1.1.1 Summary
In the development process, we occasionally encounter system performance bottlenecks, which can cause a lot of reasons, may be the code is not efficient, may be hardware or network problems, but also may be the problem of database design.
This blog post will be for some common database performance lieu methods, and, in order to write efficient SQL code, we need to master some basic code optimization techniques, so we will be introduced from some basic optimization techniques.
This article directory
Problems in the Code
Database performance Overhead
Using Stored Procedures
Using Database transactions
Using SqlBulkCopy
Using table Parameters
1.1.2 Body
Let's say we're designing a blog system that contains a user table that stores information such as the user's account name, password, display name, and registration date.

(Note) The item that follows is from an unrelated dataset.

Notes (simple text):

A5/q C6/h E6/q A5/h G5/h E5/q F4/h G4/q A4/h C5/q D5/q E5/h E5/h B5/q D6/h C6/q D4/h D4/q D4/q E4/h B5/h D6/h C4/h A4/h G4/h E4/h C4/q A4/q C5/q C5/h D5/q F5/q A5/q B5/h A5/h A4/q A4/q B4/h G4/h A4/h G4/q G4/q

Because of the time, we have designed the user table, which includes the account name, password (note: There is no consideration of the privacy of the encrypted storage), display name and registration date, etc., specifically designed as follows:
Copy Code code as follows:
-- =============================================
--Author:jkhuang
--Create date:7/8/2012
--Description:a table stores the user information.
-- =============================================
CREATE TABLE [dbo]. [Jk_users] (
--This is the reference to Users table and it is primary key.
[ID] [bigint] IDENTITY (1,1) not NULL,
[User_login] [varchar] (a) Not NULL,
[User_pass] [varchar] () not NULL,
[User_nicename] [varchar] () not NULL,
[User_email] [varchar] (MB) Not NULL,
[User_url] [varchar] (MB) Not NULL,
--This field get the default from function GETDATE ().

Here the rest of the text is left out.